Après avoir dressé régulièrement depuis 1984 le portrait des Français, on n’avait plus depuis 2012 de nouvelles d’une actualisation de cet outil à la fois indispensable et ludique. Le voici à présent sous un format à la fois proche et différent mais toujours fourmillant d’informations.

L’art de la prospective
Gérard Mermet est toujours à la tête de cet ouvrage mais il a décidé de le faire un peu évoluer et d’offrir un ouvrage plus ambitieux. L’ouvrage est découpé en trois parties d’inégal volume : le décor, les modes de vie et la synthèse. Comme le précise l’auteur, l’ouvrage peut se lire de plein de façons différentes : par thème, en ne lisant que les intertitres en couleurs, ou encore en suivant les renvois entre pages.
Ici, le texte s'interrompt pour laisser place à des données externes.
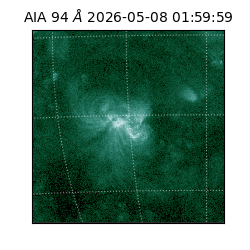 saia - 2026-05-08T01:59:59.120000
Il est vrai que par le jeu des titres ou l’utilisation du gras, le lecteur pressé pourra aller rapidement à l’essentiel. On trouve également un certain nombre d’encarts pour chacun des thèmes abordés. Chaque thème est abordé sous l’angle actuel puis de façon prospective. L’auteur rappelle d’abord ce qu’il entend par prospective : « ce n’est pas une projection simple du passé récent, pas plus qu’une prédiction de l’avenir ». Chaque thème est donc décrit avant d’être envisagé de façon prospective. On apprécie la dernière sous-partie intitulée « Et si… » qui à chaque fois donne des exemples de divergences possibles. C’est un exercice risqué mais très stimulant.

Le décor
Il s’agit ici de décrire les facteurs de changements en cours et à venir, avec une place importante pour les innovations scientifiques et technologiques. A l’intérieur de cette première partie, plusieurs domaines sont examinés en commençant par l’environnement et la démographie mondiale. C’est d’abord une approche globale car il est de toutes façons impossible d’étudier la France comme un isolat. On aborde progressivement notre pays où aujourd’hui 75 % de la population n’occupe plus que 18 % du territoire alors que c’était 50 % en 1936. Il faut aussi retenir que l’espérance de vie augmente de trois mois chaque année depuis 70 ans. Au niveau mondial, le poids de la France recule en pourcentage puisque le pays est passé de 4,4 % du PIB mondial en 1980 à 2,2 % aujourd’hui. Gérard Mermet se livre ensuite au délicat exercice d’approche des mentalités en France. Il contourne d’une certaine façon l’obstacle de l’essentialisation en pointant dix handicaps et dix atouts français. Il s’attache ensuite au rôle de l’innovation et cherche là aussi à mettre en lumière les principaux domaines. Il se donne la profondeur de temps nécessaire pour rappeler qu’en d’autres temps, pas si lointains, certaines innovations ont fini au cimetière des bonnes idées comme le Bi-Bop. Gérard Mermet se risque enfin à désigner des exemples d’innovations qui pourraient changer notre vie quotidienne : les vêtements auto-nettoyants, l’impression 3D d’os en céramique ou le robot de surveillance.

Les modes de vie
Fort de tous ces éléments de décor, l’auteur propose alors d’analyser les conséquences probables sur la vie quotidienne. C’est la partie la plus conséquente de l’ouvrage avec près de trois-cents pages organisées en thèmes eux-mêmes subdivisés. Ainsi l’entrée « Famille » propose comme déclinaison couples, enfants, jeunes et seniors. Gérard Mermet propose des alternatives possibles au tableau qu’il brosse sous forme d’un texte en italique, ce qui est très pratique.

Individu et Famille
On pourra retenir que la taille moyenne des Français augmente mais en même temps cet accroissement sera moindre demain. Notre corps pourrait être de plus en plus accessoirisé et l’ouvrage pointe les 4P de la médecine de demain, à savoir personnalisation, prévention, prédiction et participation. L’auteur souligne également la question de la perception du temps ou de son manque. Vous pourrez ensuite tout savoir sur les évolutions des pratiques sexuelles, sur le coût du troisième enfant ou encore sur le nombre de générations qui vivent ensemble aujourd’hui. Les évolutions alimentaires sont marquées par une consommation toujours moindre de viande. On découvre ensuite les évolutions liées à l’automobile avec notamment un graphique qui montre bien la diminution de la mortalité routière en quarante ans.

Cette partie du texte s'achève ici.